Queer theorists often deploy the term heteronormativity to call out and problematize what they regard as the exclusionary and oppressive status quo with regard to sexual orientations, identities, practices, social and political expectations, etc. Implicit in the use of the term is a concept of normal, which is a central target of queer theory critique. To me, this requires a careful determination not only of a definition of normal, but also of to what ontological domain we assign a particular definition of normal. That is, what is normal in a cultural sense could be defined in terms of limits of social acceptability of traits, behaviors, etc. On this level, heteronormativity is losing a lot of ground in many areas of US culture and society: even to raise the question of same-sex marriage and have it seriously considered and debated shows this. This sense of normal is grounded in institutions that are at least somewhat dynamic.

What Sara Ahmed seems to do in Queer Phenomenology, in part, is to let this concept of normal into the domain of phenomenology of experience. Does it belong there? What is the phenomenological concept of normal? I believe it will turn out that there are several layers to it, and that there will be no causal relation, and at times only a resemblance, between the phenomenological and cultural concepts. Drawing from Husserl, I would say that the most basic phenomenological encounter with normality is perceptual, and that further investigation of perceptual experience will discover a pre-perceptual level of normality that, at least Husserl says, cannot really be investigated further.

One chief difference: heteronormativity has to be defended as a political and cultural practice, and is being defended today with vehemence and violence, because it is increasingly clear that it’s only based on an accrual of practices. Normal cultural interpretation of the practices in question has shifted rapidly, such that it is harder and harder to define what normal sexual orientation or identity is. Phenomenologically, I believe, we would have to say that it is normal that in our perception of the world we become attuned more toward some objects than others. In short, I don’t believe the so-called normal experience of sexual attraction could ever mean “heterosexual attraction” from the phenomenological standpoint. It would simply suggest that the normal experience of sexual attraction is to perceive certain others and objects as appealing to a person as a sexual subject.

The cultural concept of normal relates to a social and political determination of something or other as within bounds, of being included or accepted. The phenomenological concept of normal relates to an attempt to understand how it is that we experience anything at all as being something of a certain “kind” or having a certain meaning or value.

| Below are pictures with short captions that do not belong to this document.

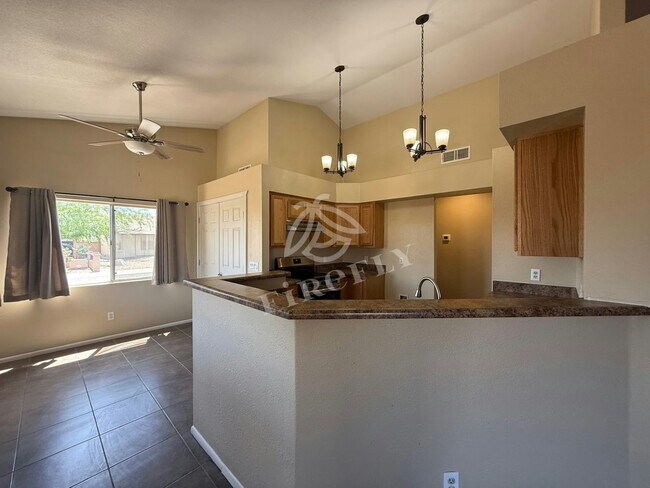 Building Photo - 10720 W Wagon Wheel Dr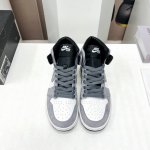 出厂: 独家顶级版本 Air Jordan耐克联名25vs最新王炸爆款系列 情侣彩色拼色休闲鞋 唯独一款牛皮拼色的高帮鞋，耐克乔一情侣毛鞋让鞋迷大开眼界，各种意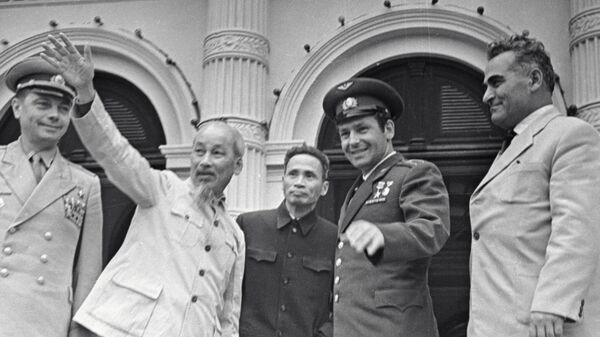 Vũ trụ Liên Xô German Titov đến thăm Việt Nam - Sputnik Việt Nam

The two have something to do with one another. Merleau-Ponty discusses the history of human visual perception obliquely as he discusses art history, for instance: cultural norms make a difference in how we perceive. But that’s consistent with the phenomenological idea of perception as being a transcendence into the world. Our perception is of the world in two senses: it is a perception that takes in the world, and is a perception that is founded upon and needs the world to support its transcendence.